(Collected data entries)
□ □ □ □ □

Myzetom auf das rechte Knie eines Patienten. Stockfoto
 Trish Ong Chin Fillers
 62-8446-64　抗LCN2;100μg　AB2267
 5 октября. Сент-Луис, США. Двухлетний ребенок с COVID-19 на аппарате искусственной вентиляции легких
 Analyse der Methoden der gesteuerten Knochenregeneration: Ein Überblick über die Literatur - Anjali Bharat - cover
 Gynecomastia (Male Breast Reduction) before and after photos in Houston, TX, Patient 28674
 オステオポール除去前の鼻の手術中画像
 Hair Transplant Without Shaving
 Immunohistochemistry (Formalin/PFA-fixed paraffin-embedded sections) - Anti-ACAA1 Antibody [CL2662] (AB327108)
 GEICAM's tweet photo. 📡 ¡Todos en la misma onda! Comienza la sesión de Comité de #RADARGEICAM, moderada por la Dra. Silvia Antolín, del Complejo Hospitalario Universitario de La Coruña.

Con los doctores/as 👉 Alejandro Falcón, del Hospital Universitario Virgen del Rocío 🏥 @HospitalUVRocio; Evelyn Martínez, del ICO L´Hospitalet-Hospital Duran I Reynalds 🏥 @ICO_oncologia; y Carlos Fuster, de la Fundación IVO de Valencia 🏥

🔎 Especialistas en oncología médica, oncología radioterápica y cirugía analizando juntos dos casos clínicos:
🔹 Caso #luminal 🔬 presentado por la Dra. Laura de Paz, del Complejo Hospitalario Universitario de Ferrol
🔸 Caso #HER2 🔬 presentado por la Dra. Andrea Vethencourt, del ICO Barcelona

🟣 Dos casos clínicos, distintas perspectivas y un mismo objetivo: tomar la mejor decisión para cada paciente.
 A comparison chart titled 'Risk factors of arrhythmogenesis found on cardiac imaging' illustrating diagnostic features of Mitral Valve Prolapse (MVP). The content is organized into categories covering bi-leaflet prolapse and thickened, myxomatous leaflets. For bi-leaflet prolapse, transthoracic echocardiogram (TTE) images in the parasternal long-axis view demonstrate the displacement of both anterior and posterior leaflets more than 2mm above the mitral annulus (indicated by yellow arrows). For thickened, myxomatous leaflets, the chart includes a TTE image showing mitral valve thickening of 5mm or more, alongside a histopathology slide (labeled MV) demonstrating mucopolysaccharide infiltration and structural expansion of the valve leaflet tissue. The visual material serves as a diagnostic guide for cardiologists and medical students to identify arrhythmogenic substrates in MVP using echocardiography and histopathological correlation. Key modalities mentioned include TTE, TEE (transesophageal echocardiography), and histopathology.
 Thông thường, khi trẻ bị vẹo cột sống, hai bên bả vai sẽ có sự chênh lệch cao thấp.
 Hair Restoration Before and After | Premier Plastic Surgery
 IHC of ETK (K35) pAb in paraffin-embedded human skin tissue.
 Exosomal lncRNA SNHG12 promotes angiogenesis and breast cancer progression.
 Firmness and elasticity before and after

□ □ □ □ □

WHAT TO DO ▸ Every entry must be repeated exactly; none may be skipped.

RESULT OF THE EXERCISE ▸
Myzetom auf das rechte Knie eines Patienten. Stockfoto
 Trish Ong Chin Fillers
 62-8446-64　抗LCN2;100μg　AB2267
 5 октября. Сент-Луис, США. Двухлетний ребенок с COVID-19 на аппарате искусственной вентиляции легких
 Analyse der Methoden der gesteuerten Knochenregeneration: Ein Überblick über die Literatur - Anjali Bharat - cover
 Gynecomastia (Male Breast Reduction) before and after photos in Houston, TX, Patient 28674
 オステオポール除去前の鼻の手術中画像
 Hair Transplant Without Shaving
 Immunohistochemistry (Formalin/PFA-fixed paraffin-embedded sections) - Anti-ACAA1 Antibody [CL2662] (AB327108)
 GEICAM's tweet photo. 📡 ¡Todos en la misma onda! Comienza la sesión de Comité de #RADARGEICAM, moderada por la Dra. Silvia Antolín, del Complejo Hospitalario Universitario de La Coruña.

Con los doctores/as 👉 Alejandro Falcón, del Hospital Universitario Virgen del Rocío 🏥 @HospitalUVRocio; Evelyn Martínez, del ICO L´Hospitalet-Hospital Duran I Reynalds 🏥 @ICO_oncologia; y Carlos Fuster, de la Fundación IVO de Valencia 🏥

🔎 Especialistas en oncología médica, oncología radioterápica y cirugía analizando juntos dos casos clínicos:
🔹 Caso #luminal 🔬 presentado por la Dra. Laura de Paz, del Complejo Hospitalario Universitario de Ferrol
🔸 Caso #HER2 🔬 presentado por la Dra. Andrea Vethencourt, del ICO Barcelona

🟣 Dos casos clínicos, distintas perspectivas y un mismo objetivo: tomar la mejor decisión para cada paciente.
 A comparison chart titled 'Risk factors of arrhythmogenesis found on cardiac imaging' illustrating diagnostic features of Mitral Valve Prolapse (MVP). The content is organized into categories covering bi-leaflet prolapse and thickened, myxomatous leaflets. For bi-leaflet prolapse, transthoracic echocardiogram (TTE) images in the parasternal long-axis view demonstrate the displacement of both anterior and posterior leaflets more than 2mm above the mitral annulus (indicated by yellow arrows). For thickened, myxomatous leaflets, the chart includes a TTE image showing mitral valve thickening of 5mm or more, alongside a histopathology slide (labeled MV) demonstrating mucopolysaccharide infiltration and structural expansion of the valve leaflet tissue. The visual material serves as a diagnostic guide for cardiologists and medical students to identify arrhythmogenic substrates in MVP using echocardiography and histopathological correlation. Key modalities mentioned include TTE, TEE (transesophageal echocardiography), and histopathology.
 Thông thường, khi trẻ bị vẹo cột sống, hai bên bả vai sẽ có sự chênh lệch cao thấp.
 Hair Restoration Before and After | Premier Plastic Surgery
 IHC of ETK (K35) pAb in paraffin-embedded human skin tissue.
 Exosomal lncRNA SNHG12 promotes angiogenesis and breast cancer progression.
 Firmness and elasticity before and after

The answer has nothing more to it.